■ **Data provided**
=-=-=-=-=

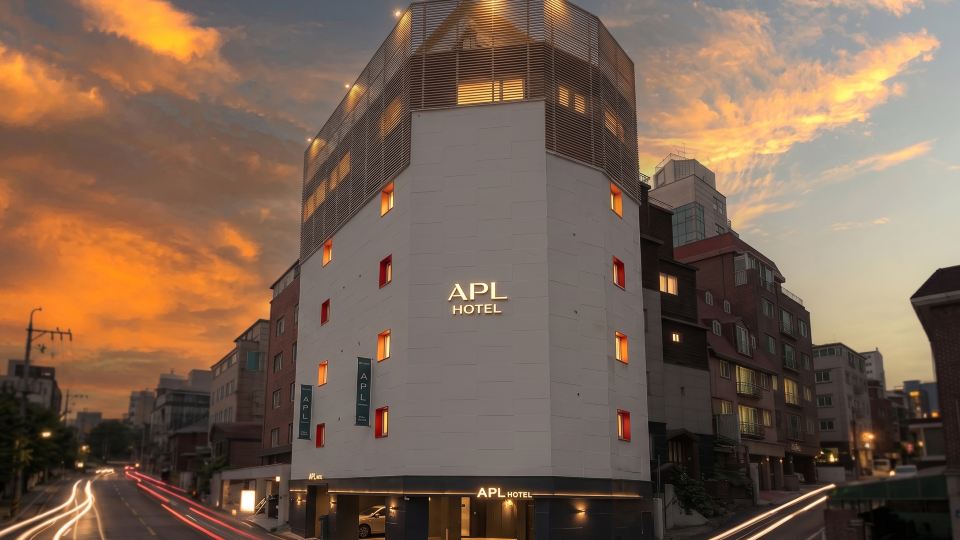 Sinchon APL Hotel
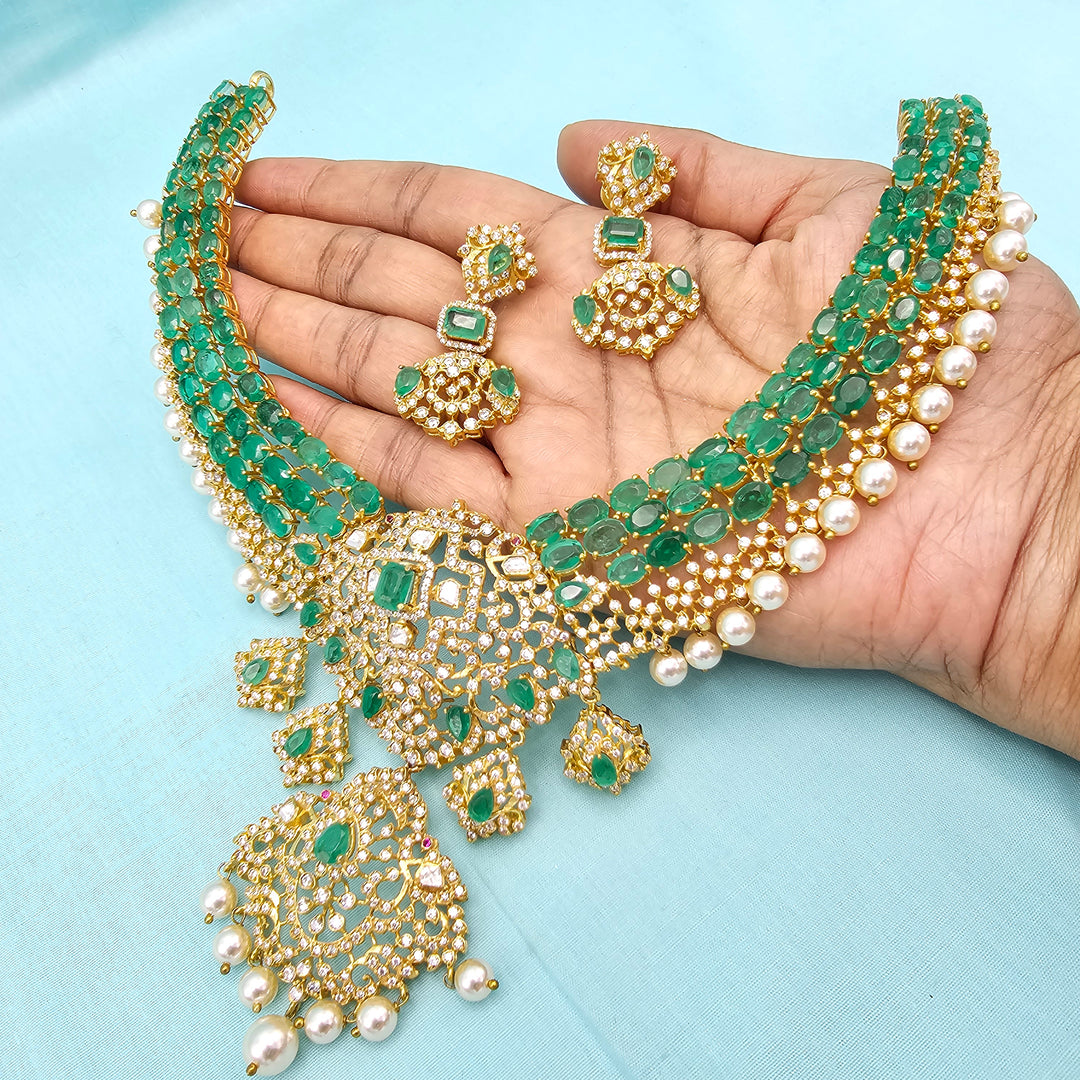 Emerald Necklace Set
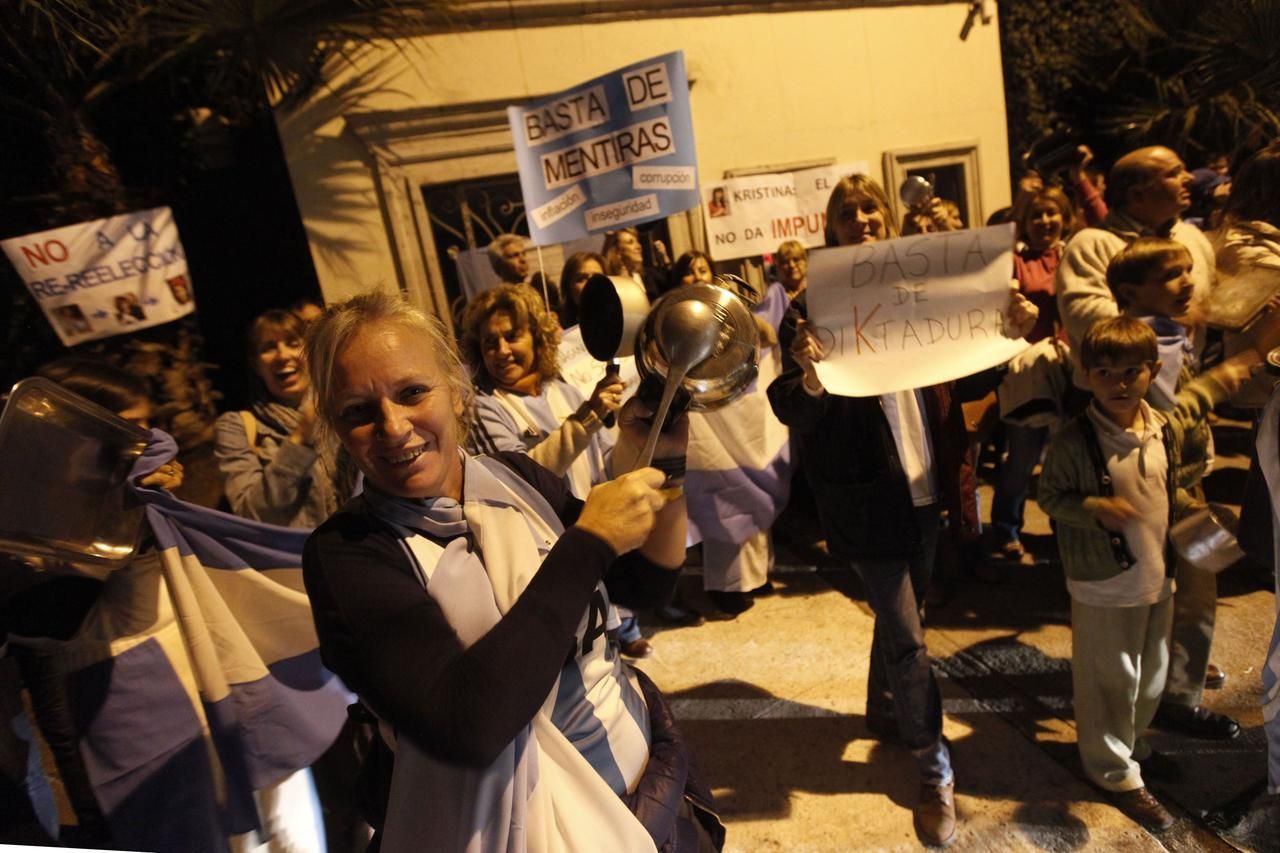 Foto: Proti argentinské prezidentce vytáhly do ulic statisíce lidí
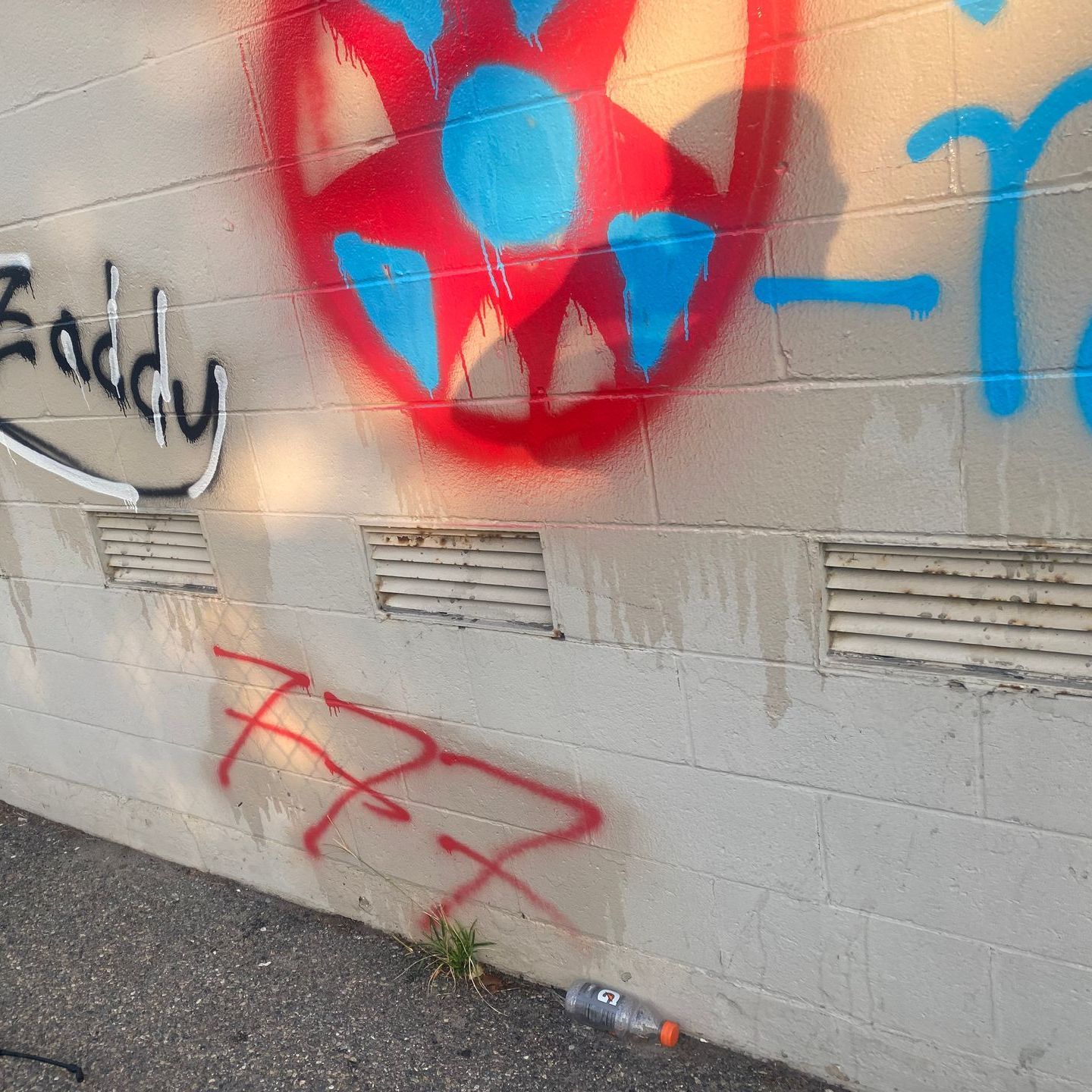 Graffiti on a wall that says zaddy on it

=-=-=-=-=

■ **Task description**
Copy the listing character for character, pictures omitted.

■ **Reply to the exercise**
 Sinchon APL Hotel
 Emerald Necklace Set
 Foto: Proti argentinské prezidentce vytáhly do ulic statisíce lidí
 Graffiti on a wall that says zaddy on it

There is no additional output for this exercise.